Even successful legal actions in the past brought no timely changes. Exhibit A: Bangkok’s Skytrain stations, many of which still lack elevator access for wheelchair users. Manit helped spearhead a lawsuit against City Hall and won the case in a landmark ruling back in 2015, when the court ordered elevators to be installed at every BTS station within one year. 

But seven years later, 18 stations have yet to comply with the court order, with virtually zero legal repercussions. 

“You know that in this country, if there is no shaming, there is no solution,” Manit said. “This country is driven forward by shaming. It’s the national character. That’s why I think shaming is still the most effective way to get things done.” He added in English, “This is Thailand.” 

Manit, in the white shirt, listens to the court verdict in January 2015 that ordered the BTS to build elevators at all of its stations. 

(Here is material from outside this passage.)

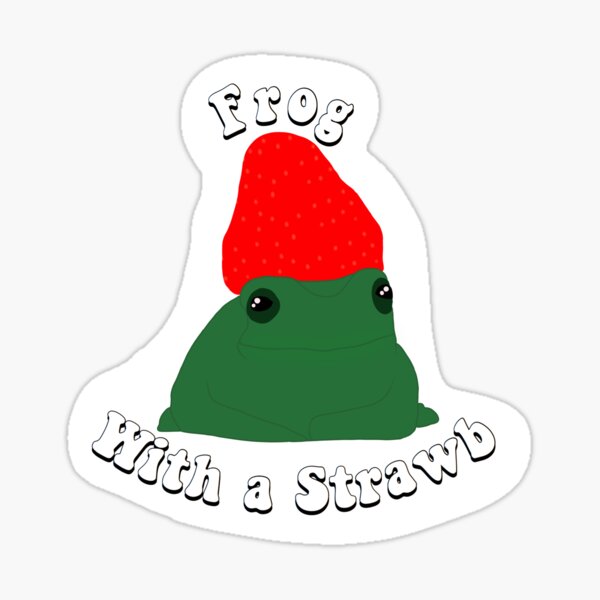 Item preview, Frog with a Strawb designed and sold by madebymarolus.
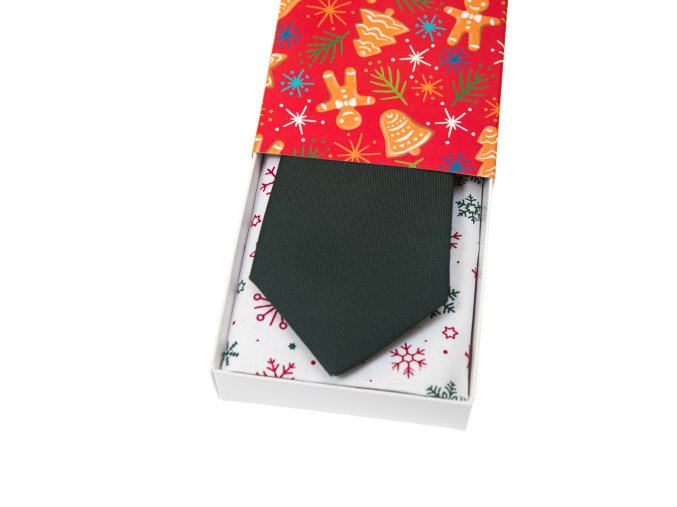 Zelená matná luxusní pánská kravata + kapesníček do saka (vánoční dárková sada)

Nalutporn from ThisAble.Me said even though Manit has tried conciliatory approaches in the past, like negotiating with the authorities and pushing for laws to better protect disability rights, those efforts often fail to make tangible differences.

“For Saba, shaming is like the last resort that he can use,” Nalutporn said. 

“I think the case of Saba being sued for libel has created quite a bit of interest in disability circles,” she added, using Manit’s nickname. “I think it will lead to questions over the safety of activists who come out to take up this fight in the future.” 

Ironically enough, Manit said he was surprised to learn that even the courthouse – the very heart of Thailand’s justice system – was not equipped to accommodate wheelchair users: the main entrance to the court has no ramp, the floor where the courtrooms are located has no disabled restroom, and the elevators are not ideal for wheelchair users.

As he discovered, the holding cell he was put in wasn’t designed for a wheelchair user either. 

“When I needed to pee, how could I do it?  The urinal is in the open air.  You must climb up a few steps and stand there and pee,” Manit said. “So when I needed to use the bathroom, I told the guards: brothers, I need to pee, I can’t just stand and pee like that! The guards were gobsmacked. What to do? But they were very nice. It was a great experience in my life.” 

Manit’s next court appointment is set for May 30.